Robert Minhinnick is one of Wales’ (some would say Britain’s) most eminent writers. Next month we publish his latest novel Nia, the third book in his coastal trilogy all set in the same fictional resort. Ahead of its publication on the 1st October, Robert talks to us about the novel’s themes, its characters and what inspires him.
In Nia, dreams, memory and time all flow into one, leaving the reader to decide for themselves what is real and what is in Nia’s imagination. What about this structure draws you to it when writing and how is it important to the development of your characters?
Frankly, ‘madness’ is a big part of my life, and how it is socially perceived. Schizophrenia continues to play a role in my family, via my mother and her sister, aged 93 and 91. During World War II, my father contracted malaria, in Burma. The result was periodic delirium. My writing tries to explore ‘madness’ and delirium, and relate them to memory and dreams and the very act of writing ‘fiction’.
Throughout the book you touch on themes of the environment and climate change. Do you think it is important that authors use their voice to highlight issues to their audiences, and why in particular are they important to you?
You’re interviewing someone who is co-founder of Friends of the Earth Cymru, in 1984, and the charity ‘Sustainable Wales’, ongoing.
This is your third novel set in the same fictional community, each with interlinking characters but separate, stand-alone stories. How have the community and its inhabitants changed over the course of the series? Will we see any more writing set in the same place?
The fairground is a constant theme. It’s a powerful metaphor, a constant source of drama. I can see it from my attic. I like the idea of a particular family or community being examined. After all, staying/belonging are familiar themes in fiction.
Nia is a book dominated by sunshine, even drought. Limestone Man experienced a suffocating sea-fret. The town’s economic circumstances always play a part, as does its history, and they are very much based on Porthcawl where I live. The street names, for instance, are the names of ships wrecked off the Porthcawl coast.
You take Porthcawl and the Merthyr Mawr dunes as the inspiration for your fictional town. Why did you choose to reimagine that place?
I write about where I live. I decided long ago that I should celebrate Porthcawl and the areas between the mouths of the rivers Ogwr and Cynffig. My writing is one way of achieving this. In Nia, I also celebrate my time in Saskatchewan, and my brief periods in Kerala and Amsterdam. Writing about different places can create an interesting friction – a little like icebergs grinding against each other in the South Saskatchewan river.
Some may say that the structure of Nia is reminiscent of that of prose poetry. How does your long career as a poet influence your prose style?
Originally, Nia possessed chapter names. I dispensed with these at a late stage, as I felt they directed the reader too forcibly. One of my friends is disappointed by the first two novels in that there seems no real ‘resolution’. Of course, I tell him, even death does not resolve matters…
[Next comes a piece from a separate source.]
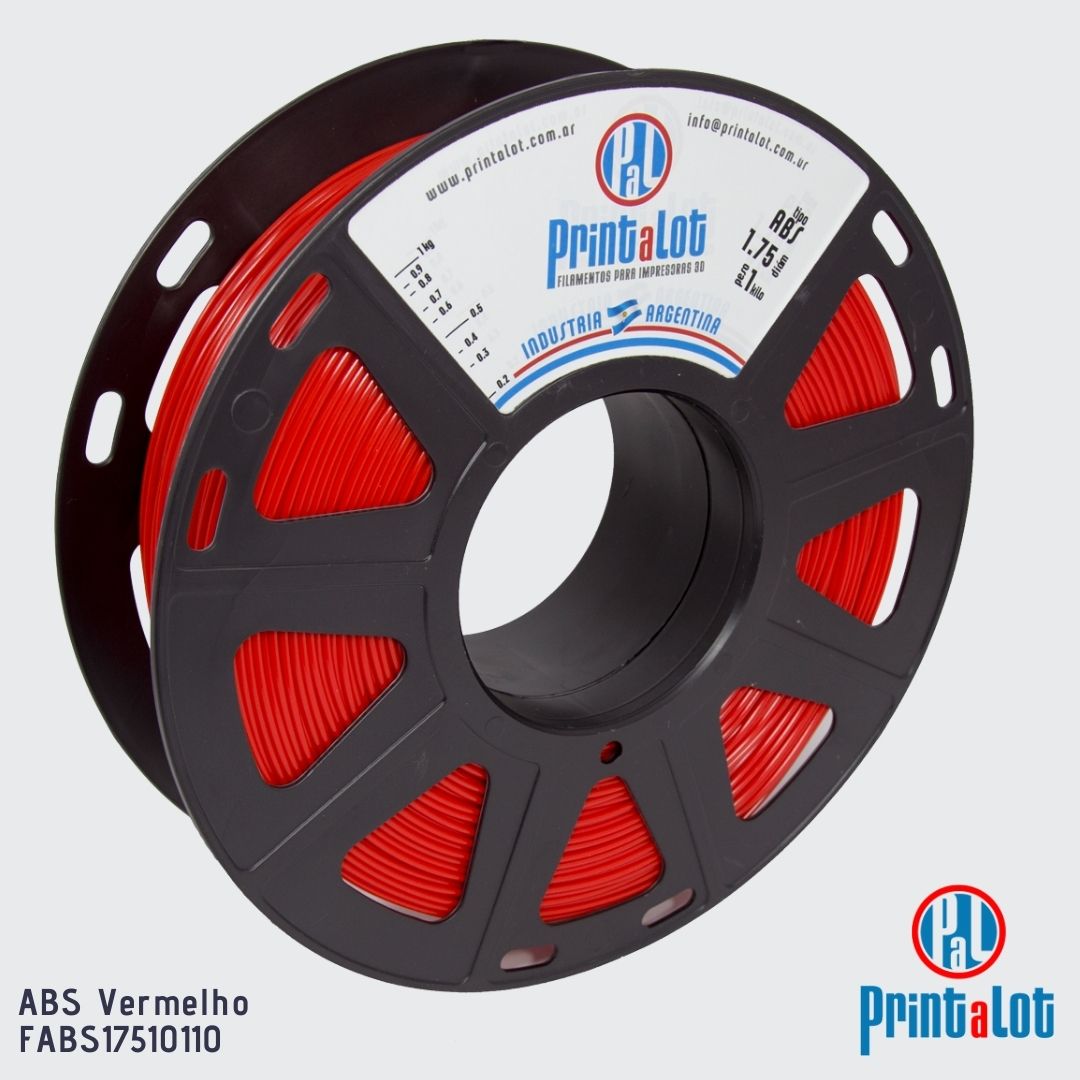 Filamento ABS - Vermelho - PrintaLot - 1.75mm - 1KG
How has your fiction style developed over the course of writing this series? Did the process of writing Nia differ from that of your previous novels?
I’m older. But still wishing to learn. The character of Nia is developed because some years ago the former fiction editor at Seren, Penny Thomas, told me I should strengthen my female characters.
Nia is obsessed with words. What is your relationship with them?
Well, obsessional might be the correct description.
Another blurred boundary between time and place, comes about through the travel stories vividly recounted by Nia’s friends throughout the book. In what way is the theme of travel important to the book, and to Nia’s story in particular?
I wanted to write about Saskatchewan. There are poems actually written there incorporated into the text of Nia. Also memories of visiting Auschwitz, Amsterdam, Kerala and New York. But the editing process removed many references…
Nia’s perception of her life seems unstable throughout: she constantly questions her own sanity and her role as a mother. These kinds of traits can be seen in the lead characters of your other two novels as well. What draws you to this type of character as a narrator?
All my narrators are ‘unreliable’, and plagued by self-doubt, dreams and delusion. That’s why memory blends into delirium. The fairground is an excellent means of depicting this. I look at the eyes of my grandchildren as they encounter the funfair, or ‘the shows’ as we used to call it, and wonder what they see…
At the heart of Nia’s story, is her dream expedition with her friends into the unexplored caves beneath the dunes. Why did you choose to centre the action of your book on a caving expedition, and what is the significance of the trip to Nia?
It’s a fictional expedition, but Nia doesn’t dream it. Yet she experiences many other dreams in this novel about the dunes, their history, flora and fauna. ‘The Shwyl’ caves are based on ‘the Schwyll’ cave system, which provided fresh water for the Bridgend area (including the Seren office) until recently, using ‘the Great Spring of Glamorgan’, which emerges in Ewenni.
Thus, it’s a real place, little known yet fascinating. Perhaps Nia feels intimidated by the travel stories of Isaac Pretty and Skye, and it’s her way of competing with two seemingly powerful personalities, who have returned to her community.